As a Los Angeles-based porn actress from 2005 to 2006, Mary performed in a series of increasingly violent porn shoots that wounded her emotionally and physically.
“It was a gradual progression of abuse that stretched my boundaries until I was having very violent sex with more and more people at the same time,” Mary said. “Frequently, they’d have to stop filming because I was bleeding, then they’d clean up the blood and keep going.”
Mary eventually left the industry, sobered up and now has a “normal” job that she loves.
“I don’t know anyone doing super well mentally who would choose to do porn. Even though you thought you were consenting, you never really knew what was going to happen, and I don’t think my mental state made me capable of giving consent,” she said.
Cyntoia Brown-Long, a bestselling author and former sex worker who became a social media celebrity under the “free Cyntoia” hashtag in 2019, said women trafficked against their will often transition from underage sex work into porn films.
“I feel pornography encourages … men to think it’s OK to treat women like sex commodities. No human should be bought and sold; that’s a basic fact we should have learned by now,” said the 33-year-old activist, who recently hosted a webinar about her experiences.
Ms. Brown-Long takes a hard-line stance on porn: Make it illegal and shut down the websites.
“It’s not just freedom of speech, because when you have people using these sites to exploit kids and vulnerable people, they shouldn’t be allowed to go on,” she said.

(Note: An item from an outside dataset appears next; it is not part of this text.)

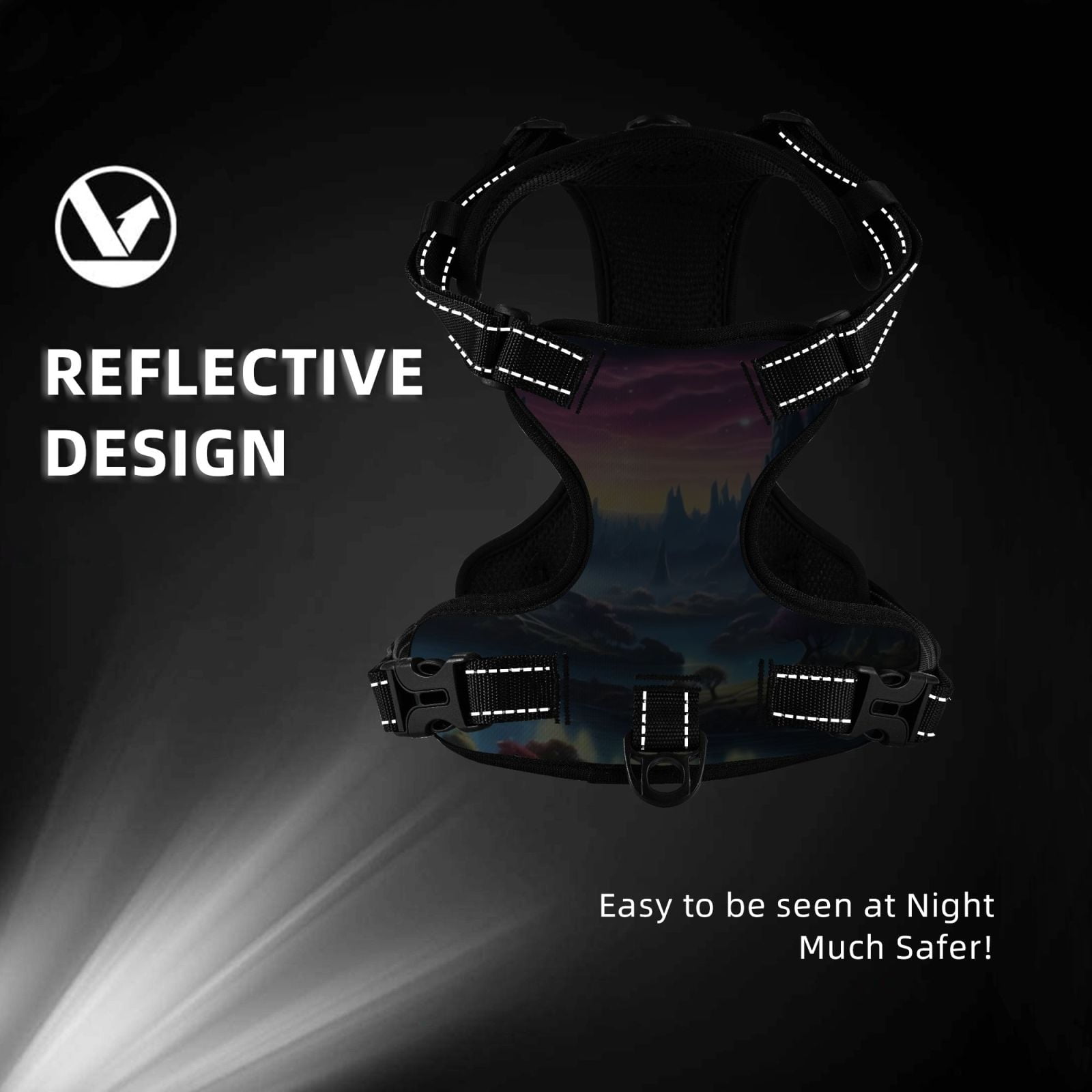 Vsdgher Fantasy Landscape Starry Night Dog Harness, No-Pull Pet Harness, Dog Vest, Pet Vest for Small to Large Dogs-Large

Although they often avoid the spotlight, women who performed in porn as legal minors have surfaced in recent years to speak out about their childhood traumas.
Jewell Baraka, 51, said she was 14 when she first began doing hardcore pornographic films.
Ms. Baraka said she “suffered violence, torture, suffocation and choking” in the film shoots that followed and has since suffered lifelong trauma.
“The U.N. Convention against Torture says people can’t consent to their own torture, but we’re allowing people to consent to their own torture in porn, and that needs to be changed,” Ms. Baraka said. “People talk a lot about empowerment in porn, but porn was the most powerless I’ve ever felt.”
As awareness grows of the toll the industry takes on performers past and present, activists are mobilizing to empower the actresses and actors demanding more accountability, humanity and respect.
Laila Mickelwaite, who directs the Justice Defense Fund, gathered more than two million signatures from people in 192 countries for her #Traffickinghub petition last year to shut down Pornhub.
“We need mandatory age and unambiguous meaningful consent verification regulations imposed on these sites for every individual in every video,” Ms. Mickelwaite said. “Age and consent verification regulations would do an enormous amount of good to prevent this kind of criminal sexual abuse from proliferating.”
Such regulations may be coming soon.
The bipartisan legislation that Mr. Sasse and Mr. Merkley introduced would require a national offenders’ database and a 24-hour hotline hosted by porn sites for whistleblowers to immediately report nonconsensual content.
Ms. Villarubia, who has been reaching out to performers since 2008, said lawmakers need to hold the companies behind the porn sites accountable.
“I don’t want what happened to me to ever happen to anyone else,” Ms. Villarubia said.